The plan would dramatically cut the Earned Income Tax Credit (EITC), which boosts the incomes of workers with low and moderate incomes; the cut would be much larger for single-parent families than for married-couple families. The plan also would eliminate the “head of household” tax filing status, which millions of single parents who work at low-paying jobs use when they file their income tax returns. (The head-of-household filing status provides a standard deduction that’s larger than for single individuals without dependents but smaller than for married couples.)

The EITC and head-of-household changes cut in half, from 2.6 million to 1.3 million, the number of children whom the plan would lift above the poverty line. By comparison, simply making the current maximum credit of $2,000 per child available to all poor children would lift 1.7 million children above the poverty line.

Because of those EITC and head-of-household changes, about 10 million children in families with incomes below $50,000 would see their family’s income cut under the Romney plan, despite the increase in their Child Tax Credit. For example, a single mother who has a daughter in fourth grade and a son in first grade and who makes $25,000 at a child care center would lose $1,665 under the Romney plan. A large majority of single parents with incomes between roughly $16,000 and $40,000 would have their incomes cut.

Even as the Romney plan would cut the incomes of millions of low- and moderate-income families, it would provide the full increase in the Child Tax Credit to married-couple families with incomes up to $400,000 and single-parent families with incomes up to $200,000. Some of these families would lose from the head-of-household change and the plan’s elimination of the non-refundable Child and Dependent Care Tax Credit for children, but many high-income married couples would benefit from the full increase in the maximum credit and face no offsetting tax increases.

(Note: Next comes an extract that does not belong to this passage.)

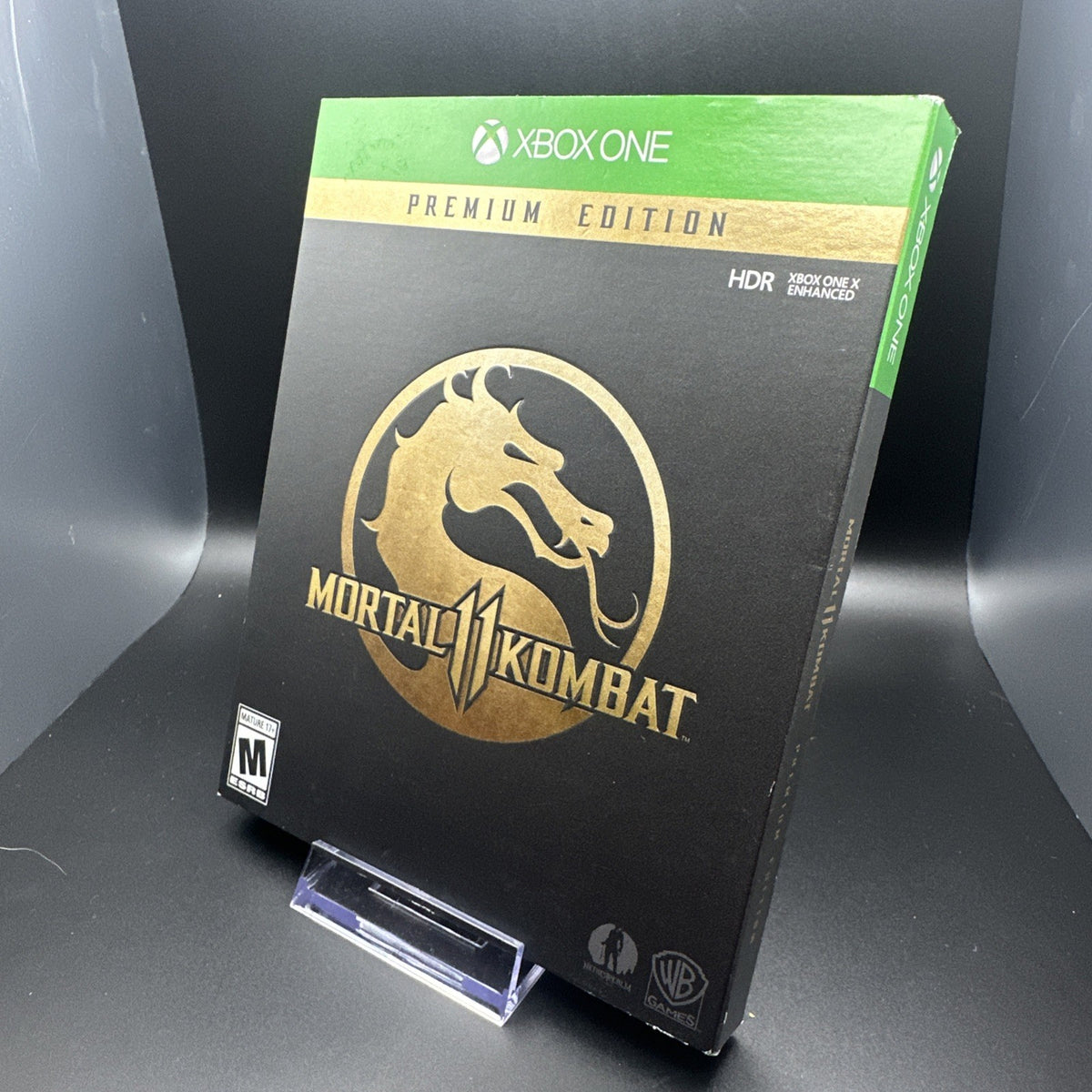 Mortal Kombat 11 -- Premium Edition (Microsoft Xbox One, 2019)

In sum, the Romney plan falls short of providing full refundability for the Child Tax Credit, which should be the top priority in any expansion of the credit. Policymakers also should reject outright the plan’s offsets targeting single mothers, as well as a new restriction it would impose on families that include immigrants. (See our report for details.) But the Romney Child Tax Credit proposal itself, with its faster phase-in and higher maximum credit, is much better than current law and creates an opening for bipartisan action later this year, and our report explains how it could be improved in ways that could garner bipartisan support.